→ Instructions for the task
Restrict the output to the lines below starting at the one that contains "Camewin Brinquedo Caixa" and ending at the one that contains "Superfit Jungen Happy", and restate them word for word, both ends included.

BEGIN

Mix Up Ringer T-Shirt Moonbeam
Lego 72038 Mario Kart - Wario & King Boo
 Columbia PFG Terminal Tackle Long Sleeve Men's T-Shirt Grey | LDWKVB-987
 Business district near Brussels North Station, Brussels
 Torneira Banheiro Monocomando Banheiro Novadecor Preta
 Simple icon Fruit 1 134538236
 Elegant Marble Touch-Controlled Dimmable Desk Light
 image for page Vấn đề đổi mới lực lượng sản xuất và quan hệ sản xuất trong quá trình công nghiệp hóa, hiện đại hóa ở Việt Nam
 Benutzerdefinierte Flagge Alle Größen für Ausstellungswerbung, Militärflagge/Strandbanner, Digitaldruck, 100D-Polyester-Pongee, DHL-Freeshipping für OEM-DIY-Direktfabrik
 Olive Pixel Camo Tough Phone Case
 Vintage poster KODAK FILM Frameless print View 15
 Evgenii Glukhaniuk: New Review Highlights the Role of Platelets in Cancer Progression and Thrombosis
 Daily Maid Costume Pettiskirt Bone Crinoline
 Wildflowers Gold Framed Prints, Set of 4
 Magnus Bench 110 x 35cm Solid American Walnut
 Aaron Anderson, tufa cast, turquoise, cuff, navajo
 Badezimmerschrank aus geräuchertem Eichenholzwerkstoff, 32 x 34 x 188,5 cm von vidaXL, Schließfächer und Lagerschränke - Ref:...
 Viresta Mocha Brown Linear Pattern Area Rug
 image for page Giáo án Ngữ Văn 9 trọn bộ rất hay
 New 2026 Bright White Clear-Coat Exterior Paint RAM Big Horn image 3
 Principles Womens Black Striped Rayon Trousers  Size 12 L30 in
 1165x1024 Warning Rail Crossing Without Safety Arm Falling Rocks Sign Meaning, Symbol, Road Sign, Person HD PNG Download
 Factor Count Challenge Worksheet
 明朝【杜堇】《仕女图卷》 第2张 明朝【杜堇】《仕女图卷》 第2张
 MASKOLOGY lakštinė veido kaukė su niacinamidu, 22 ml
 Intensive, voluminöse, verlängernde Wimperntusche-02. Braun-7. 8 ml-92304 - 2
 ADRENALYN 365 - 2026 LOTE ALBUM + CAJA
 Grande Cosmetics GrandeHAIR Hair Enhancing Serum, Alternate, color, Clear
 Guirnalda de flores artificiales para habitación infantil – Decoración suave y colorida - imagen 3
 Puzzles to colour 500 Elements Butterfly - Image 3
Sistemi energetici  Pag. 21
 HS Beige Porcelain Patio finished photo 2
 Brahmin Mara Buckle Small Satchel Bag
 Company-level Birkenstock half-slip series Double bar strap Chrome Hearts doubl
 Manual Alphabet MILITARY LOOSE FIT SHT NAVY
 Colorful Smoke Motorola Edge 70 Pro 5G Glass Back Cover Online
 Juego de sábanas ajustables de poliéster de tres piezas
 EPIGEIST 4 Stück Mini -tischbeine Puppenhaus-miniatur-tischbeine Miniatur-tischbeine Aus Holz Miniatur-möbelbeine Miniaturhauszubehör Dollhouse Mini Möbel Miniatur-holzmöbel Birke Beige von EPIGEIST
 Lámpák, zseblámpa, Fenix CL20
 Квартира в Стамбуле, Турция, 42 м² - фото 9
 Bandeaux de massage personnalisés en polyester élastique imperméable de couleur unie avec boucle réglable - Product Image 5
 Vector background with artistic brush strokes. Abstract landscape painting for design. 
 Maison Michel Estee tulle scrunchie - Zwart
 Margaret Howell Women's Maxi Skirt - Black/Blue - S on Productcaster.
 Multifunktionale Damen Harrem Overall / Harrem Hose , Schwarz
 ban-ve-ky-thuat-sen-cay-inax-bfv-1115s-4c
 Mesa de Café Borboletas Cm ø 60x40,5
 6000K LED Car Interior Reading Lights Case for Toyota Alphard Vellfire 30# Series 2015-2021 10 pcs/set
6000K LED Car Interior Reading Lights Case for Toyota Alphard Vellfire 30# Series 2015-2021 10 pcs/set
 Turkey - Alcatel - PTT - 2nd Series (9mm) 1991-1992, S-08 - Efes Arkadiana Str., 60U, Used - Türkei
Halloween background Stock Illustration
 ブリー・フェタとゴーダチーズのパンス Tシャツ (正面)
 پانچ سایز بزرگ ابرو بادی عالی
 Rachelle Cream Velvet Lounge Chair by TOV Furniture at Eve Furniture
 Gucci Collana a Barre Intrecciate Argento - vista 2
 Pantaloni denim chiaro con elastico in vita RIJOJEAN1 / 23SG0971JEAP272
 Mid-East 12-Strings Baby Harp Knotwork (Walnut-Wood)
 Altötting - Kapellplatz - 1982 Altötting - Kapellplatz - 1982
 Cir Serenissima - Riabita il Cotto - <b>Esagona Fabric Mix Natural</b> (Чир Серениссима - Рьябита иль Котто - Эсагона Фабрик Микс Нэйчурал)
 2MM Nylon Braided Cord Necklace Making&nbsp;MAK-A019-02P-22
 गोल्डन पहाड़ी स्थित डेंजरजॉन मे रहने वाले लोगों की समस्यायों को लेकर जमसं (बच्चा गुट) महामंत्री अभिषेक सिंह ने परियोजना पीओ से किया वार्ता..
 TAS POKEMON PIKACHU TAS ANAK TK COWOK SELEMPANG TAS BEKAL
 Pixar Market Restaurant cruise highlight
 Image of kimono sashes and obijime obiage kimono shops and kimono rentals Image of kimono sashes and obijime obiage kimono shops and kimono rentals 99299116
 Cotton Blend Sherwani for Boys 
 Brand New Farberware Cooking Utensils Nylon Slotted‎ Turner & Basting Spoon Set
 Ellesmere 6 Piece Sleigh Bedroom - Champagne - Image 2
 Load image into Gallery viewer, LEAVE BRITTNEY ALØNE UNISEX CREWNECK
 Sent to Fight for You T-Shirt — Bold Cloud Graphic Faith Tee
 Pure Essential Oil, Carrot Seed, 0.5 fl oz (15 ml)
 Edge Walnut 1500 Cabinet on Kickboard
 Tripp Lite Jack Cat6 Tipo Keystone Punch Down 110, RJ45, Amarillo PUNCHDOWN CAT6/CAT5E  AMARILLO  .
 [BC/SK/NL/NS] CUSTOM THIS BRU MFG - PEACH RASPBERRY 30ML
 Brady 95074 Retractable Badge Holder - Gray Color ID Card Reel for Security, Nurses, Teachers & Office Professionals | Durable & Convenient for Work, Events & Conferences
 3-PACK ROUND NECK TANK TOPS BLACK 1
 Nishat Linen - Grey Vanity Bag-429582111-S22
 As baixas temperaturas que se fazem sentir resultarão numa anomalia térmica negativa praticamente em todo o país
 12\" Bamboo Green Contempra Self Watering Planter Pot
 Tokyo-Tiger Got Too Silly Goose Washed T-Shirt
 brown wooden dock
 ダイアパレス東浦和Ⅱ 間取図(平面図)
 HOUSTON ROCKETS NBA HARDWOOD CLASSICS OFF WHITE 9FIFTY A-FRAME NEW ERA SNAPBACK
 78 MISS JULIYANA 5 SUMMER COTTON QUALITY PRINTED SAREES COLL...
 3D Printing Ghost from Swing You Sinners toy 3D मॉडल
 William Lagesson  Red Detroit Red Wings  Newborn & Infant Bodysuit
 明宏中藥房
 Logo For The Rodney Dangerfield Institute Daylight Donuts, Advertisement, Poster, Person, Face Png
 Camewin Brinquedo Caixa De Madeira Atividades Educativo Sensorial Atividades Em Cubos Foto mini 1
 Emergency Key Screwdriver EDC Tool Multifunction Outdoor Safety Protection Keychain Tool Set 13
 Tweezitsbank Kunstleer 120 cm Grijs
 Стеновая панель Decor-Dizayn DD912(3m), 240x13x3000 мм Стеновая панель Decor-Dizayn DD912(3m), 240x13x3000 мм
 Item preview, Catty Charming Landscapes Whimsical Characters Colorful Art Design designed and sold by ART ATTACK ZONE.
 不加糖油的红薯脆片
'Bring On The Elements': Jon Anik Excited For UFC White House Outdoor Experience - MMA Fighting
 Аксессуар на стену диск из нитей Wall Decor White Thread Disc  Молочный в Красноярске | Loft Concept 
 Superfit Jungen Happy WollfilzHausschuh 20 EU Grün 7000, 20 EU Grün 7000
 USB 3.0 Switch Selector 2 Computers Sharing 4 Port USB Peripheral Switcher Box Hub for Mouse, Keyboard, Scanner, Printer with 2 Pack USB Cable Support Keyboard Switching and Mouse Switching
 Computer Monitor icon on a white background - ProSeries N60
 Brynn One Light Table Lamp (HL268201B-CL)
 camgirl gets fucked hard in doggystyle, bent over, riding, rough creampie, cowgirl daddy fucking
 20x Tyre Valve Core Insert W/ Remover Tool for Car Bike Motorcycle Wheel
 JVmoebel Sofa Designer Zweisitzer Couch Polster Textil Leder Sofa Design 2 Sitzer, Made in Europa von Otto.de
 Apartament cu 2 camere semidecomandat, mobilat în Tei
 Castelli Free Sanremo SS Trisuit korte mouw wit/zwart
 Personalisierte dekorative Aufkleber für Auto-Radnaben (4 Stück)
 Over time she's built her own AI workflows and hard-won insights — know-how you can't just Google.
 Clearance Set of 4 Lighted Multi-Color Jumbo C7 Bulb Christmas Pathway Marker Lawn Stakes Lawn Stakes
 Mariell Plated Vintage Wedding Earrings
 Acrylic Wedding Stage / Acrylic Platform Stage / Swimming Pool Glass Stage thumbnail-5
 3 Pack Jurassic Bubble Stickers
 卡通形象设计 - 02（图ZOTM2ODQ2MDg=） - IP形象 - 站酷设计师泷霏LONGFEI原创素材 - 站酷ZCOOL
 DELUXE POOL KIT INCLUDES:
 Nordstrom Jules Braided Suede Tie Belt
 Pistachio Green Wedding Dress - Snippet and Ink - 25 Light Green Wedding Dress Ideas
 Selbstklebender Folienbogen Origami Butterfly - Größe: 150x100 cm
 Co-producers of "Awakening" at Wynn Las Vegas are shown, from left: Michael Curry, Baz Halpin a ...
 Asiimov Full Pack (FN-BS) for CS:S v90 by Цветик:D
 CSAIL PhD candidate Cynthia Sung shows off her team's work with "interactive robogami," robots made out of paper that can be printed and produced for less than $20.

END

→ Final answer
 Camewin Brinquedo Caixa De Madeira Atividades Educativo Sensorial Atividades Em Cubos Foto mini 1
 Emergency Key Screwdriver EDC Tool Multifunction Outdoor Safety Protection Keychain Tool Set 13
 Tweezitsbank Kunstleer 120 cm Grijs
 Стеновая панель Decor-Dizayn DD912(3m), 240x13x3000 мм Стеновая панель Decor-Dizayn DD912(3m), 240x13x3000 мм
 Item preview, Catty Charming Landscapes Whimsical Characters Colorful Art Design designed and sold by ART ATTACK ZONE.
 不加糖油的红薯脆片
'Bring On The Elements': Jon Anik Excited For UFC White House Outdoor Experience - MMA Fighting
 Аксессуар на стену диск из нитей Wall Decor White Thread Disc  Молочный в Красноярске | Loft Concept 
 Superfit Jungen Happy WollfilzHausschuh 20 EU Grün 7000, 20 EU Grün 7000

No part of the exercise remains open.